Issue 19 / May 2024
Letter from Berlin
Phantom Customers – Notes of a Hairdresser after a Lecture at the Wissenschaftskolleg
After several months of field research in the hair salons and barber shops of a German city, the author, who is both a sociologist and hairdresser, presented certain theses from her recently published book (Abenteuer einer linkshändigen Friseurin, edition überland, 2024) during her colloquium at the Wissenschaftskolleg zu Berlin. In her talk, among other things, she spoke of the unusual sociability and exuberant language that one commonly finds in hair salons. Then a bald man from the audience asked her a question that caused her some embarrassment. The question helped to point out a blind spot in her research: phantom customers. The following text is both a shout-out and a thank you to this man.
“Barbara, why should I read your book?” a philosopher seriously asked me after my lecture. “I’m bald!”
Of course my Co-Fellow needn’t read the book, but he did pose an important question. His shiny pate casts light, as it were, on a blind spot in the hairdressing world and in my research on hair salons and barber shops – namely the phantom customer. What about those who don’t need their hair cut or simply don’t want to or can’t? In the spirit of Susie Scott’s essay “A Sociology of Nothing: Understanding the Unmarked” (2018) we are in fact dealing here with the “sociology of nothing.” The goal of such sociology is to shed light on the unseen, recognizing the contours of a certain narrative in view of a certain omission. Although he’s no customer, this baldheaded Fellow is part of an invisible society whose shape I would like now to briefly sketch.
You won’t meet the phantom customer in hair salons or barber shops. They lack the hair, money, inclination or mind-set. If they do put in an appearance then it’s with reluctance and only on rare occasions; and if I have learned anything about them, then it’s merely because my existence as a hairdresser evokes certain memories – and so too in the case of Michael. He attended my aforementioned lecture and afterward he likely felt impelled to compose a long blog entry. His “haircut memories” provide information about his discomfort with hair salons. Above all he loathes the demonstrative sociability of these places, the typical small talk between strangers, and he dismisses their subject matter as silly and trivial: “I can’t stand being in a confined space with someone I don’t know and then having to fill the awkward silence with blather and babble.” As a natural scientist he prefers concrete content and fact-based purpose.

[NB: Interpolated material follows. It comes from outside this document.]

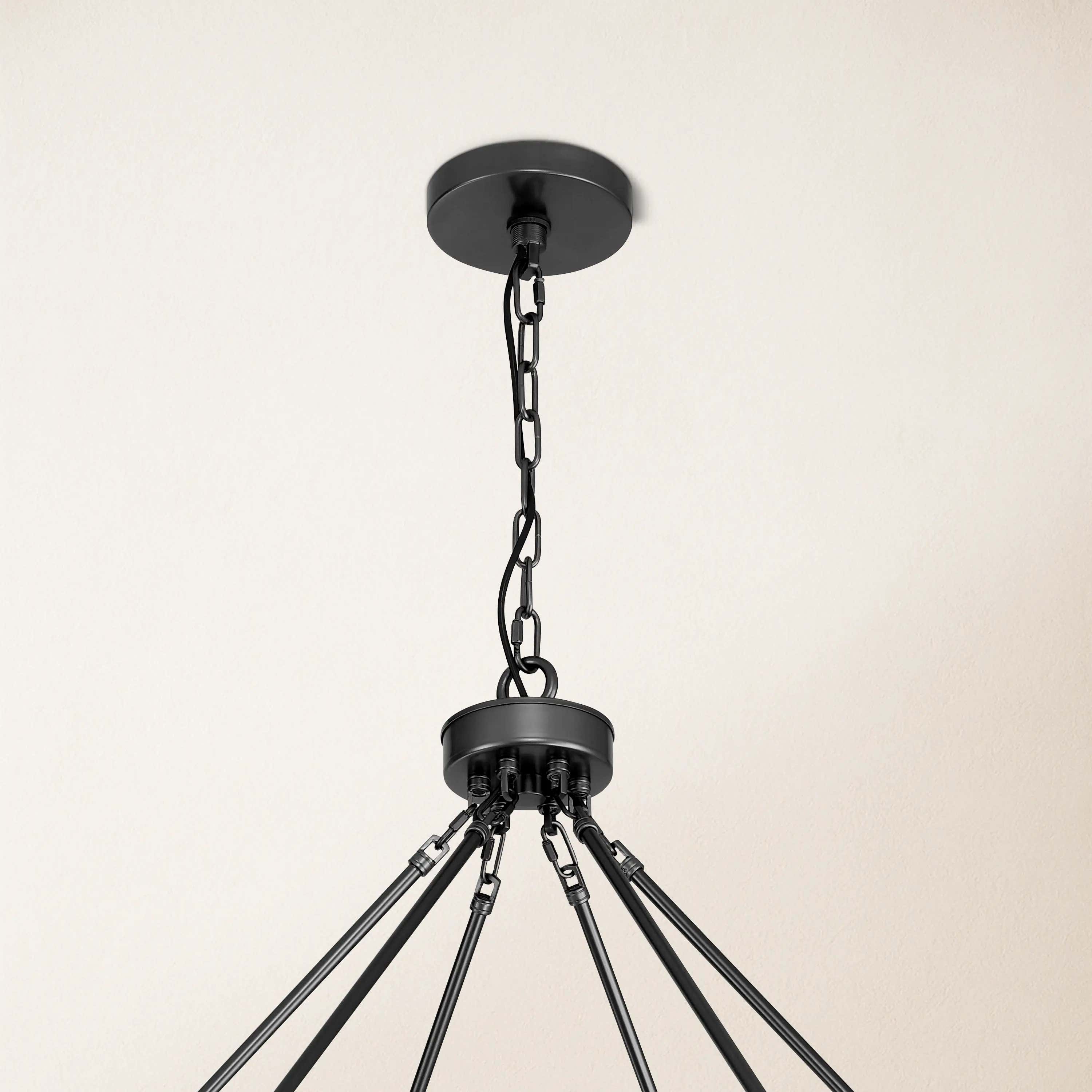 Cylora Glass Tube Round Chain Chandelier 70"D#Finish_Black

Other phantom customers express their displeasure in the language of neurodiversity. They underscore the absence of personal space, the close physical, almost intimate contact with strangers, and most of all the diverse sensory stimuli – the whirring of hairdryers, the beeping of cell phones, pop music from the loudspeakers, voices coming from every direction; the perfume of hair-care products, the pungent smell of perm chemicals, the glaring neon light.
And how do I recognize those hirsute people who will soon be ghosting me? By the fact that they come with freshly washed hair and leave with wet hair; by the fact that they start talking straightaway and have much to say and quickly exhaust each topic that they have prepared.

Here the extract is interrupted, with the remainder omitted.